DESCRIPTION OF THE TASK: Copy out each line of the data that contains "channel".

SUPPLIED RECORDS:
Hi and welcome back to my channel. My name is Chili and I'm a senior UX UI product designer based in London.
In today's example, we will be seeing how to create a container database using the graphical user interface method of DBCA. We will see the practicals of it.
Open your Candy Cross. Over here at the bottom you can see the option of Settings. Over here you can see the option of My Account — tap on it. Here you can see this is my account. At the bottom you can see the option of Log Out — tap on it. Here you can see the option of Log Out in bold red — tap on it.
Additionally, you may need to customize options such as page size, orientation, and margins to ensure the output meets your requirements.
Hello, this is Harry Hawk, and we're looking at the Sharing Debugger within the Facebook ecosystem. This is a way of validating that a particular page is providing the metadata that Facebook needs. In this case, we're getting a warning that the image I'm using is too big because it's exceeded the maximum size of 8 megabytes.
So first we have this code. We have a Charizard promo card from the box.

* * *

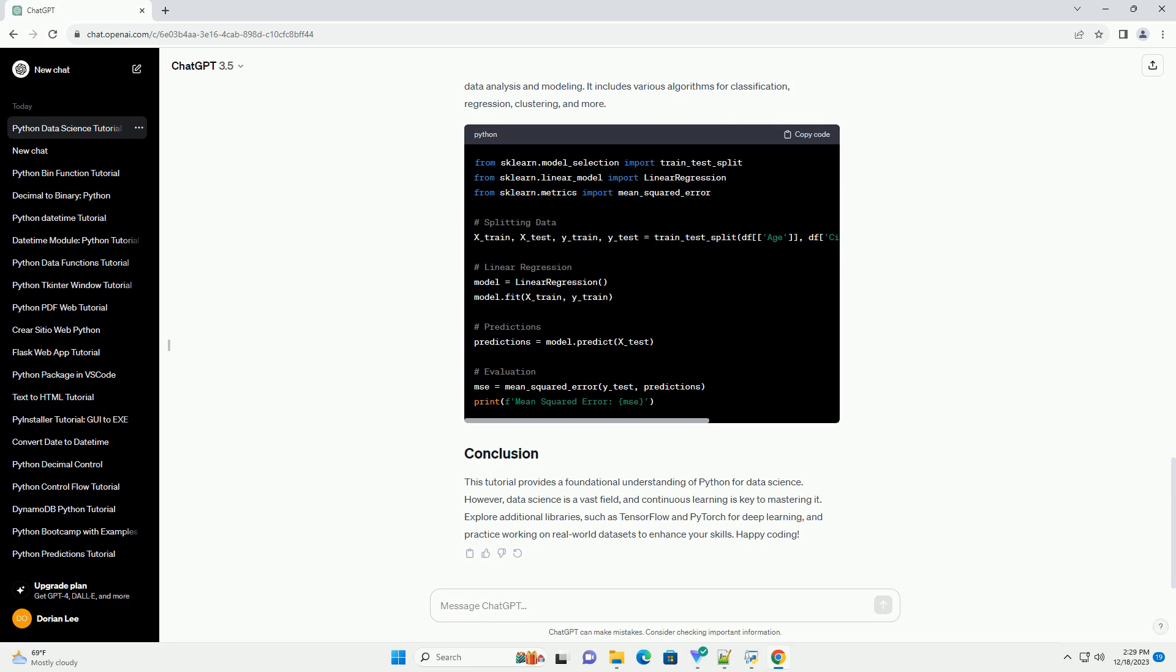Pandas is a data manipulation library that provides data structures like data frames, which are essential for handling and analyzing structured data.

...

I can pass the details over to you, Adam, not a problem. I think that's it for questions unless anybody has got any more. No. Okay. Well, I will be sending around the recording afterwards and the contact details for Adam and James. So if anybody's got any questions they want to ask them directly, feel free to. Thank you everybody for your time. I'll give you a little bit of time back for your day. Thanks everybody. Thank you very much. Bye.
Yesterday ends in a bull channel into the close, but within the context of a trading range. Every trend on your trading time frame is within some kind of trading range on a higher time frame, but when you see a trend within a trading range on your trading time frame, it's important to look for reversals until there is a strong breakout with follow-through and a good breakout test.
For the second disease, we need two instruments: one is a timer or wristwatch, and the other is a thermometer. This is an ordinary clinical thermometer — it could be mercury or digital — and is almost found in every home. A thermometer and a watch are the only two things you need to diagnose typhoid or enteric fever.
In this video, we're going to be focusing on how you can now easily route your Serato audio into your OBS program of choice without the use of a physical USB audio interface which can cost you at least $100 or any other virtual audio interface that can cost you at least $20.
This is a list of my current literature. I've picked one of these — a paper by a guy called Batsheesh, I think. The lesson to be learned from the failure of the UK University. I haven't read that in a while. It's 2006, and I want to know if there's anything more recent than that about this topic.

TASK SOLUTION:
Hi and welcome back to my channel. My name is Chili and I'm a senior UX UI product designer based in London.
Yesterday ends in a bull channel into the close, but within the context of a trading range. Every trend on your trading time frame is within some kind of trading range on a higher time frame, but when you see a trend within a trading range on your trading time frame, it's important to look for reversals until there is a strong breakout with follow-through and a good breakout test.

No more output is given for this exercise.